Le grandi sfide della società moderna riguardano i cambiamenti climatici, l’invecchiamento della popolazione e la necessità di una maggiore efficienza nello sfruttamento delle risorse. Inoltre, occorre incrementare le risorse alimentari dall’agricoltura e dalla pesca per assicurare la crescita della popolazione, garantendo la sostenibilità ambientale.
Gli obiettivi identificati dalla Commissione Europea nel prossimo programma quadro Horizon 2020 pongono la ricerca come motore centrale di sviluppo e innovazione, per aumentare la competitività dell’Europa.
Il CNR ha l’obiettivo primario dell’eccellenza scientifica, finalizzata ad aumentare le conoscenze generate dalla ricerca sulla sostenibilità ambientale, economica e sociale e sugli impatti del cambiamento climatico e la capacità di adattamento degli ecosistemi.
L’eccellenza nel campo dei cambiamenti globali nel CNR rispetto al contesto internazionale si manifesta in settori quali i cambiamenti della composizione dell’atmosfera, le ricerche polari, la paleoclimatologia, lo studio degli ecosistemi marini e terrestri e le ricerche in alta quota ma anche nello studio di impatti e mitigazione a livello di ecosistemi per arrivare agli effetti sulla società e sull’economia. In particolare, la presenza italiana e del CNR nelle regioni polari è motivata dall’importanza che queste hanno nello studio dei cambiamenti climatici e dall’influenza che esercitano sul clima del pianeta. Il cambiamento climatico avviene nelle regioni polari più velocemente che altrove.
In Artico, l’aumento delle temperature negli ultimi cento anni è stato quasi doppio rispetto alla media del pianeta; nella penisola antartica la velocità di incremento delle temperature è stata ancor più elevata. Anche gli scenari futuri prevedono un’intensificazione dell’aumento delle temperature polari per i prossimi decenni, con possibili importanti effetti su scala globale. I risultati disponibili in entrambe le aree polari mostrano come i mutamenti che accadono alle alte latitudini si riflettano poi su tutto il pianeta. Se per esempio in Antartide si sciogliesse anche solo la metà occidentale della calotta glaciale, il livello dei mari salirebbe di 6 metri con conseguenze del tutto evidenti su molti Stati e città costiere. I cambiamenti in atto e quelli previsti presentano quindi rischi molto grandi per l’ambiente e per l’economia e nei prossimi anni sarà dunque necessario prendere decisioni importanti all’altezza delle sfide economiche, sociali e ambientali da affrontare. Una base di conoscenze affidabili anche sulle regioni polari sulle quali fondare le decisioni politiche è un prerequisito per fornire soluzioni sostenibili. 

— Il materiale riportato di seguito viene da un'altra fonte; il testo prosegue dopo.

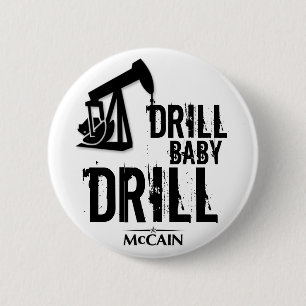 Drill Baby Drill 6 Cm Round Badge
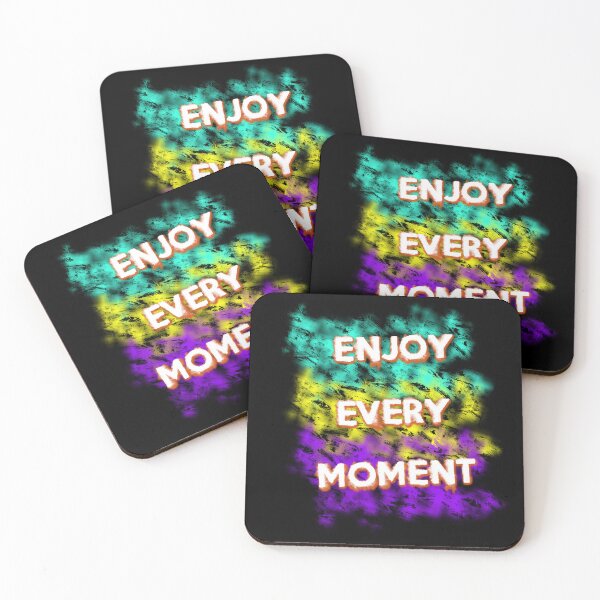 Item preview, Enjoy Every Moment, Colorful, Motivational, designed and sold by saimzgraphics.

Il CNR svolge un ruolo centrale nella ricerca polare, nel panorama sia nazionale che internazionale.
Infatti, è leader nelle ricerche in Artico dove gestisce importanti infrastrutture di ricerca e una base scientifica (Stazione Dirigibile Italia) a Ny-Ålesund, nell’arcipelago delle Svalbard (79° N). La dotazione infrastrutturale comprende la torre per lo studio dei cambiamenti climatici (Nobile-Amundsen Climate Change Tower), il laboratorio per la Chimica atmosferica (monitoraggio degli inquinanti come mercurio e metalli pesanti) e per lo studio dell’aerosol e le istallazioni osservative ocenetwork internazionali per il monitoraggio delle Svalbard (Svalbard Integrated Observing System, SIOS) e, in generale, per lo studio dell’Artico (per esempio Sustaining Arctic Observing Network, SAON). Il CNR, con il Dipartimento Scienze del Sistema Terra e Tecnologie per l’Ambiente gioca un ruolo fondamentale anche nella ricerca al Polo Sud, nel continente Antartico, nell’ambito del Programma Nazionale di Ricerche in Antartide (PNRA).
Il PNRA è promosso dal Ministero dell’Istruzione, dell’Università e della Ricerca secondo le linee strategiche definite dalla Commissione scientifica nazionale per l’Antartide (CSNA), con la programmazione e il coordinamento scientifico del CNR, mentre l’ENEA è responsabile dell’attuazione logistica delle spedizioni.

La ricerca in Antartide

Tra ottobre 2012 e febbraio 2013 si è tenuta la XXVIII spedizione scientifica italiana in Antartide, le cui attività di ricerca hanno coinvolto circa 50 progetti scientifici con la partecipazione di più di 100 ricercatori in ambiti scientifici diversi: le scienze della vita, della terra, dell’atmosfera e dello spazio e lo studio dei cambiamenti climatici in atto e di quelli avvenuti nel passato (paleoclima).
I dati e i campioni raccolti in Antartide vengono poi analizzati ed elaborati presso i laboratori italiani che partecipano ai diversi progetti. Le attività in Antartide si svolgono presso la Stazione Italiana “Mario Zucchelli”, sita sulla costa di Baia Terranova, nella Stazione italo-francese Concordia che si trova nell’entroterra nel sito chiamato Dome C a 3.233 metri di altitudine, raggiungibili dopo lunghi viaggi in aereo o via nave. Le ricerche sono condotte anche sulla nave oceanografica e sui mezzi navali minori e nei vari campi remoti istallati appositamente all’interno del continente, che si raggiungono mediante aerei o elicotteri.
Lo studio dei cambiamenti climatici in Antartide è particolarmente importante. Per la complessità del sistema climatico e l’estrema sensibilità delle aree polari a perturbazioni sia naturali che antropiche, le previsioni dei modelli climatici, sia pur concordi rispetto a un futuro aumento delle temperature, possono differire tra loro in modo significativo rispetto all’entità dell’aumento.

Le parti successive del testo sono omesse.